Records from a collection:
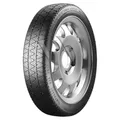 Sommerreifen CONTINENTAL SCONTACT (SPARE TIRE) BEREIFUNG NOTRA 125/70 R18 99 M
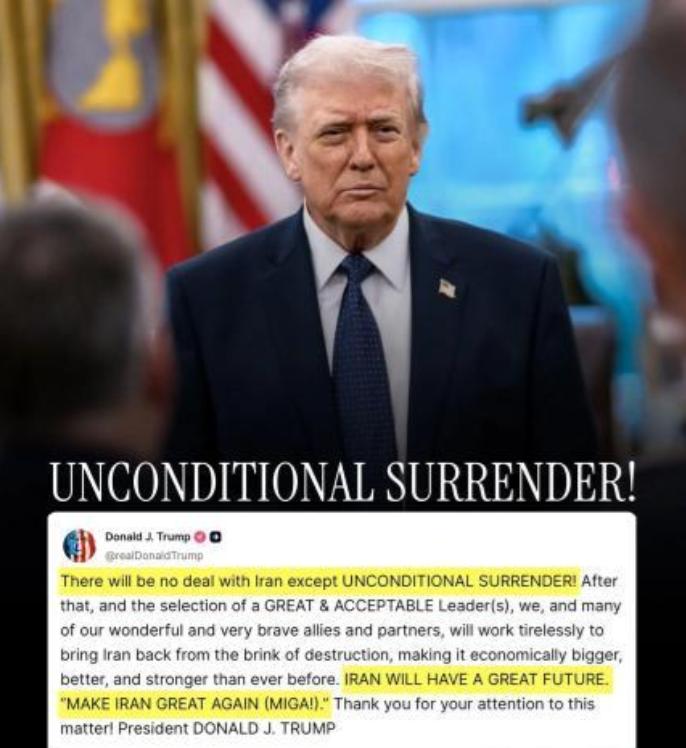 炸了，彻底炸了！这下，特朗普人要真麻了当地时间3月9日，不出预料，在以色列大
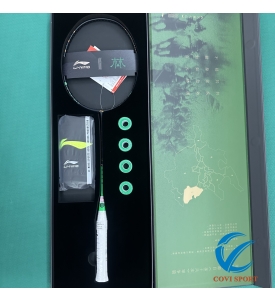 Sét Vợt Cầu Lông Lining Phiên Bản LÂM - Chính Hãng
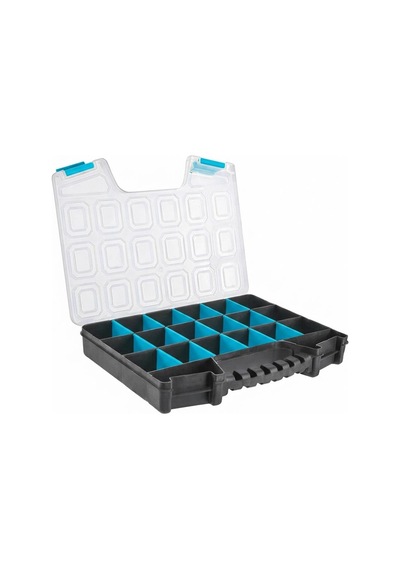 Eurostar Kk1720 Mega Organizer Kutu 20" 47.8x33x7 Cm Asr-2036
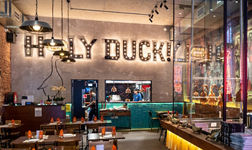 HolyDuck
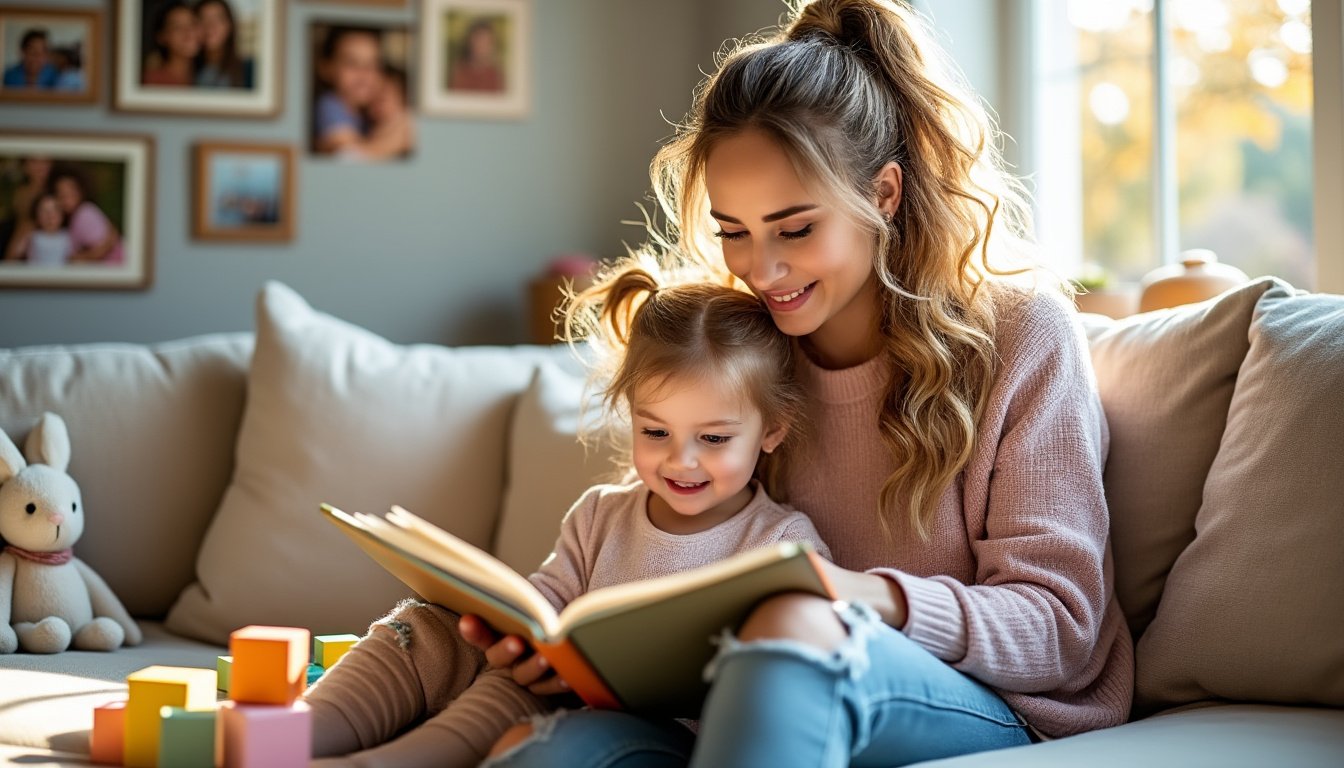 découvrez comment les célébrités naviguent à travers les défis et les joies de la parentalité, alliant vie publique et vie privée. des témoignages inspirants sur les obstacles rencontrés et les moments de bonheur partagés, révélant la réalité derrière les projecteurs.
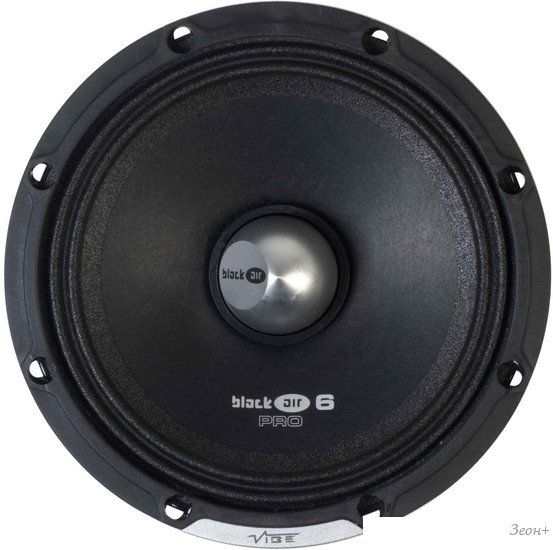 Среднечастотная АС VIBE audio BLACKAIRPRO6M-V0
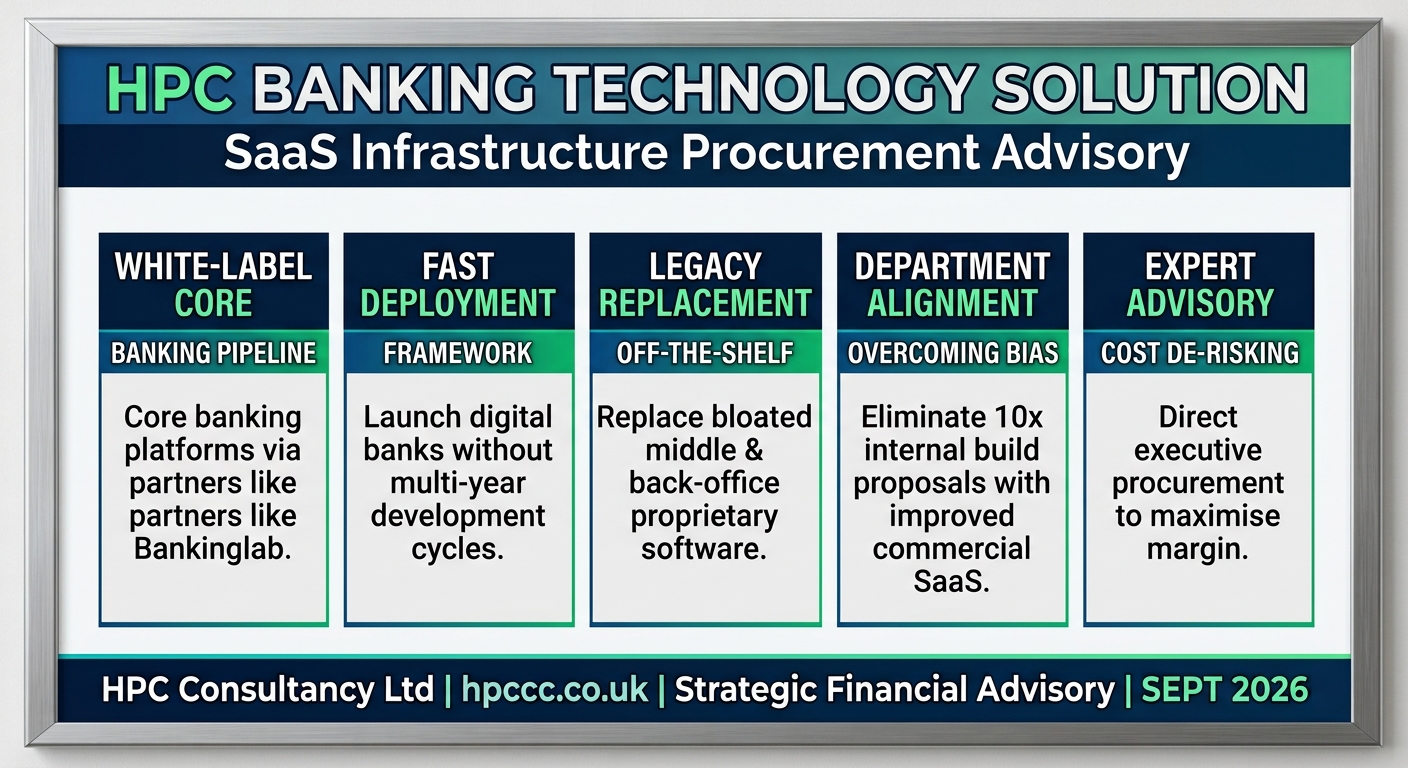 Stop Building, Start Banking: Why Italy Executive Leaders Are Pivoting to Plug-and-Play SaaS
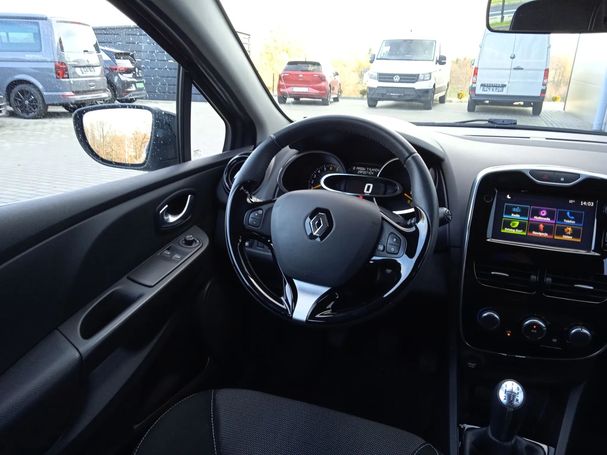 Renault Clio 1.2 16V 55 kW image number 13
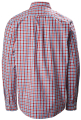 poykamiso karo musto riviera long sleeve shirt kokkino l extra photo 1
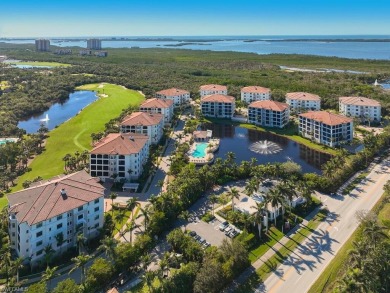 Get ready to fall head over heels for this extraordinary floor on The Colony Golf and Country Club in Florida - for sale on GolfHomes.com, golf home, golf lot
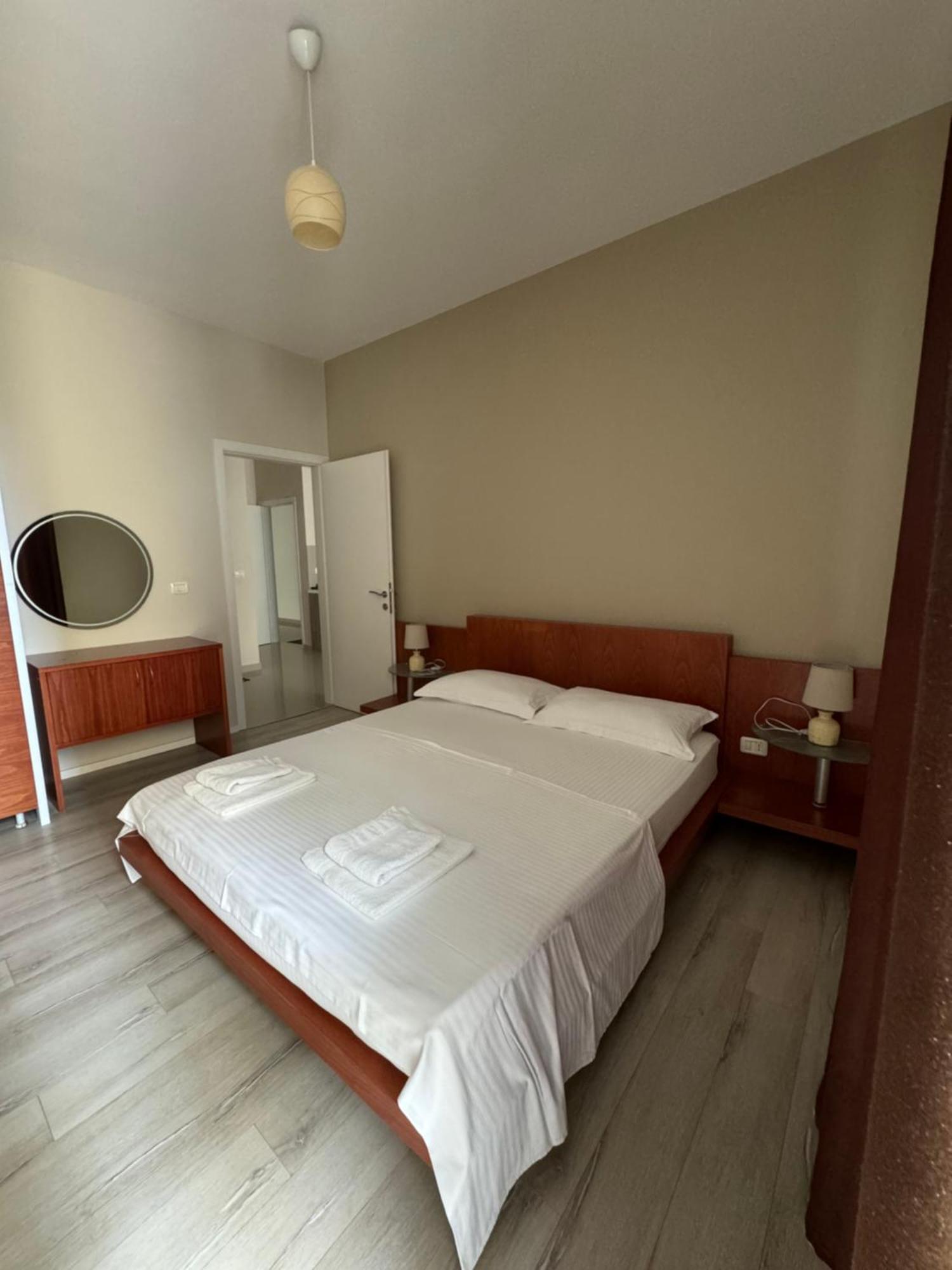 Violet'S Boutique Apartments Саранда Экстерьер фото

— WHAT THE TASK REQUIRES —
Write out the records word for word. Pictures stay out.

— EXERCISE RESPONSE —
 Sommerreifen CONTINENTAL SCONTACT (SPARE TIRE) BEREIFUNG NOTRA 125/70 R18 99 M
 炸了，彻底炸了！这下，特朗普人要真麻了当地时间3月9日，不出预料，在以色列大
 Sét Vợt Cầu Lông Lining Phiên Bản LÂM - Chính Hãng
 Eurostar Kk1720 Mega Organizer Kutu 20" 47.8x33x7 Cm Asr-2036
 HolyDuck
 découvrez comment les célébrités naviguent à travers les défis et les joies de la parentalité, alliant vie publique et vie privée. des témoignages inspirants sur les obstacles rencontrés et les moments de bonheur partagés, révélant la réalité derrière les projecteurs.
 Среднечастотная АС VIBE audio BLACKAIRPRO6M-V0
 Stop Building, Start Banking: Why Italy Executive Leaders Are Pivoting to Plug-and-Play SaaS
 Renault Clio 1.2 16V 55 kW image number 13
 poykamiso karo musto riviera long sleeve shirt kokkino l extra photo 1
 Get ready to fall head over heels for this extraordinary floor on The Colony Golf and Country Club in Florida - for sale on GolfHomes.com, golf home, golf lot
 Violet'S Boutique Apartments Саранда Экстерьер фото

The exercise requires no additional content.